By Curt Peterson
The Windsor Central Unified Union School District policy committee experienced a “Robert Frost moment” Monday night, as deliberators found themselves at a divergence of “two roads,” trying to decide which one to follow.
Committee member Kelly Welsh (Barnard) wondered if other issues, such as gender identification, social equity, economic status and religion, which are included in the policy, should be. She thought it might be confusing to the public.
“I wouldn’t go to the anti-racism policy to find information on those issues,” she said.
The committee felt they were faced with two choices — to continue the policy’s all-inclusiveness and rename it, or to create two policies, one specifically covering anti-racism, and another regarding the other equity issues.
Director of Instructional Support Services Gina Rocque was presenting the draft version of the anti-racism policy, a project in the works since November 2020, for committee review. She said her task force would revisit the policy and decide how to handle the “two roads” choice, then bring it back to the policy committee for review before taking it to the full board.
In November 2020 the board engaged Areille King and Jameson Davis, co-founders of Writing Wrongs, to manage the anti-racism policy development project. King and Davis, both students at Vermont Law School, describe their experiences growing up as people of color as informing their work.
They could have joined the Black Lives Matter protests of the time, but, as King told the Mountain Times, “We decided we would create something that would help actualize and effectuate the goals of the protests instead.”

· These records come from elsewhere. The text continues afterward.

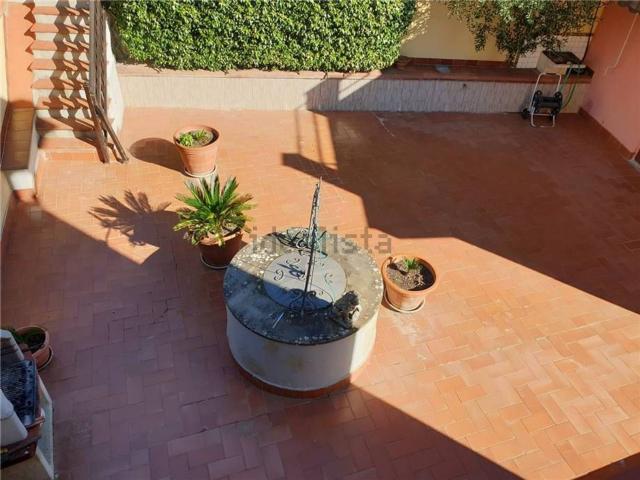 Casa in vendita a Carmignano, Comeana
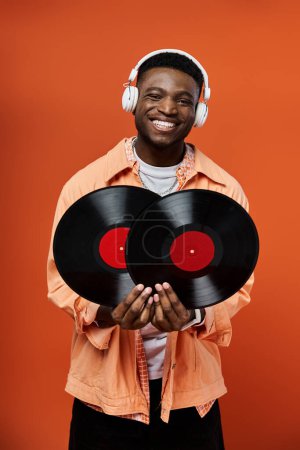 Homme noir élégant avec écouteurs et disque vinyle.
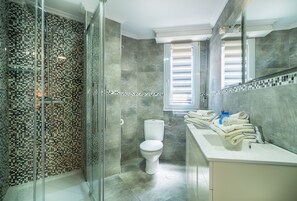 Shower, hair dryer, towels, soap - Apartamentos Las Brisas (Santander)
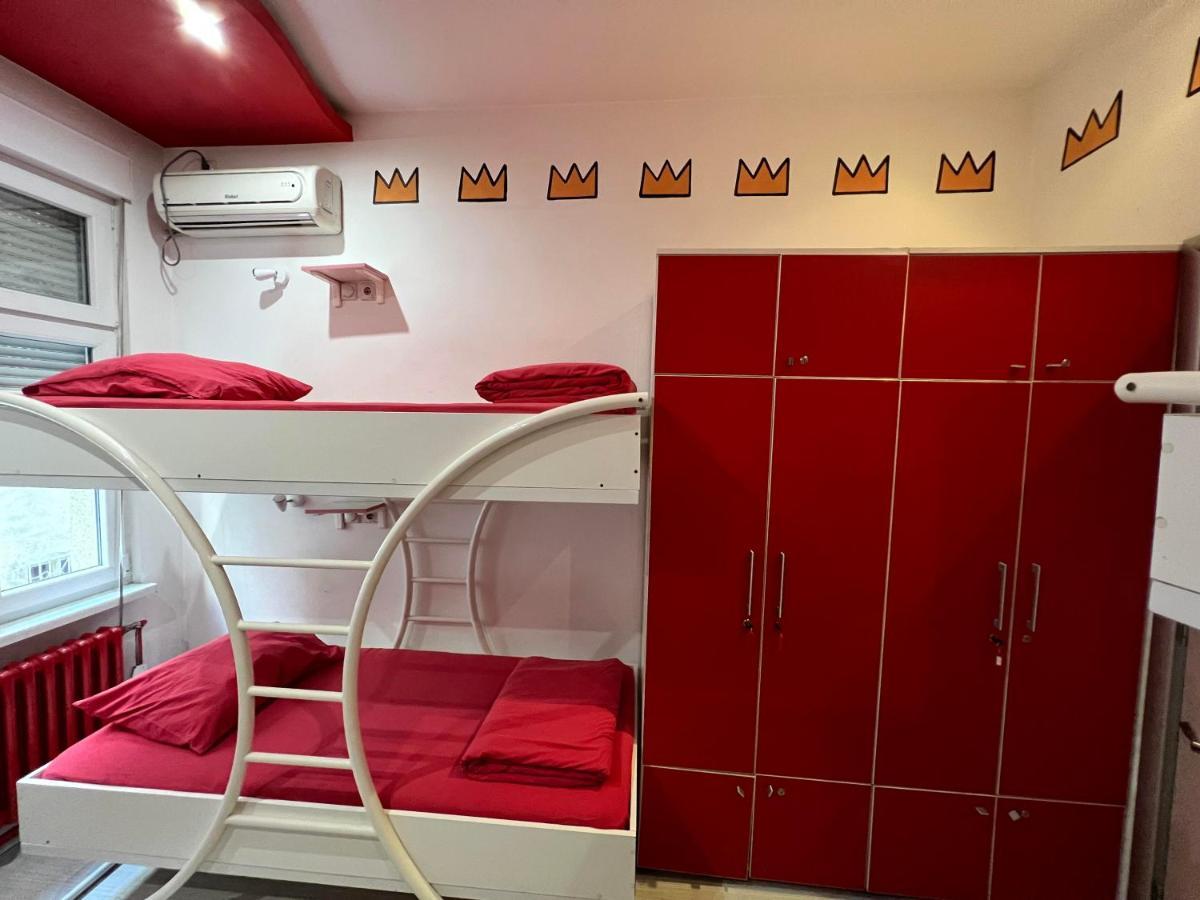 Auberge de jeunesse Pop Art à Belgrade Extérieur photo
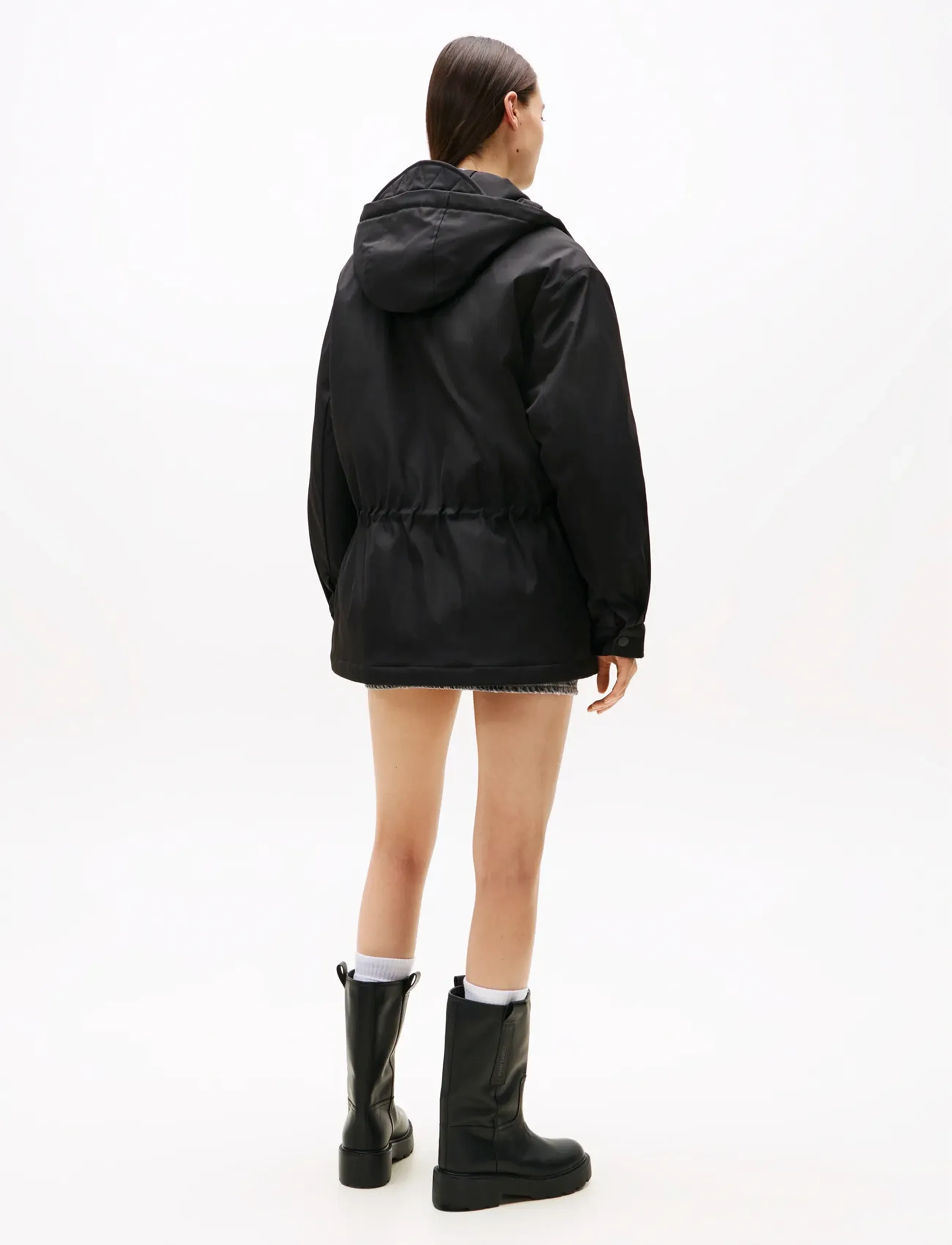 Tommy Jeans - TJW MIDI PARKA - parka coats - black - 4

“Accessing Writing Wrongs brings individuals of color with diverse experiences to the development of this policy so we are not bringing biases to the conversation,” district superintendent Sherry Sousa wrote in a 2020 email.
According to Sousa, “Davis and King incorporated the all-inclusive language in their draft anti-racism policy. [Other] consultants who are informing our [diversity, equity and inclusion] work do not see this as an issue, but a conversation with the board regarding that concern is important.”
“The anti-racism policies we create are catalysts for anti-racism work, and accountability tools to ensure the work gets done — they are not a solution to racism in school districts per se,” King said.
Davis said “restorative justice” is an important issue.
“Is discipline administered equitably among all students? What infractions can earn one student a slap on the wrist, and another student serious consequences?” Davis said.
Writing Wrongs is funded by the Albert Schweitzer Fellowship program in Boston.
King and Davis gather the necessary information, and include significant stakeholders, including parents, students, faculty, administrators and alumni in the process. Rocque said her task force conducted student focus groups, for example.
“Swooping in like a helicopter, and telling schools what their problems are and what to do, doesn’t work,” King told the Mountain Times.
Davis and King projected it would take 2 1/2 months from first meeting with administrators to final policy, but it’s been a year since the district contracted with Writing Wrongs.
“The draft policy was not delivered to us until late May as Arielle and Jameson were in their last year of law school and were attending to their studies,” Sousa says. “I asked if I could gather feedback from [the stakeholders] prior to submitting it to the Policy Committee. I incorporated their feedback into the draft policy [that] was submitted to the Committee last night.”